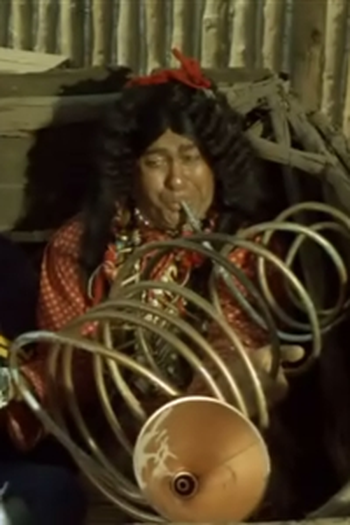 Poster de Episódio For Whom the Bugle Tolls (1966)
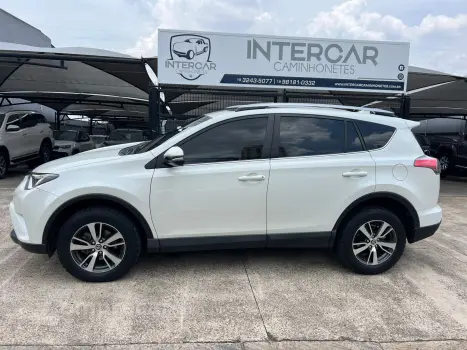 RAV4 2.0 4X2 16V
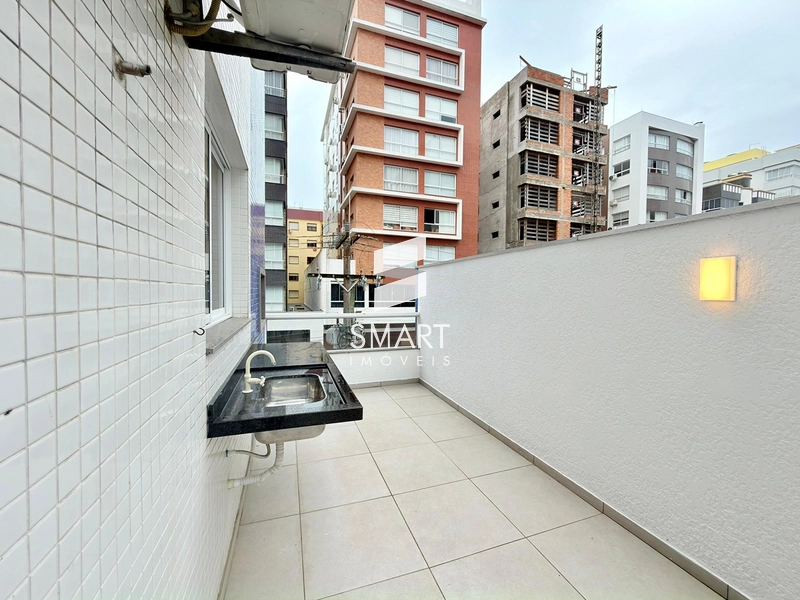 Apartamento com terraço e espaço gourmet à venda em Capão da Canoa!: 15ª foto da galeria de imagens do imóvel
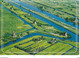 PAYS BAS ( Europe) - PANORAMA MOLENS KINDERDIJK ( MOLEN - MOULIN A VENT - MILL ) - HOLLAND - Kinderdijk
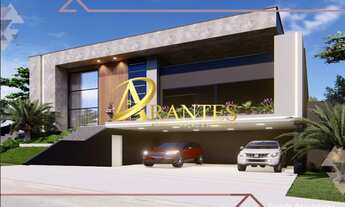 Imagem 5: Casa Em Condomínio Residencial em Atibaia - São Paulo, Condomínio Residencial Shamballa II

▸ **Work to be completed**
Write out the records above once more, word for word, with no pictures.

▸ **Solution for this exercise**
 Poster de Episódio For Whom the Bugle Tolls (1966)
 RAV4 2.0 4X2 16V
 Apartamento com terraço e espaço gourmet à venda em Capão da Canoa!: 15ª foto da galeria de imagens do imóvel
 PAYS BAS ( Europe) - PANORAMA MOLENS KINDERDIJK ( MOLEN - MOULIN A VENT - MILL ) - HOLLAND - Kinderdijk
 Imagem 5: Casa Em Condomínio Residencial em Atibaia - São Paulo, Condomínio Residencial Shamballa II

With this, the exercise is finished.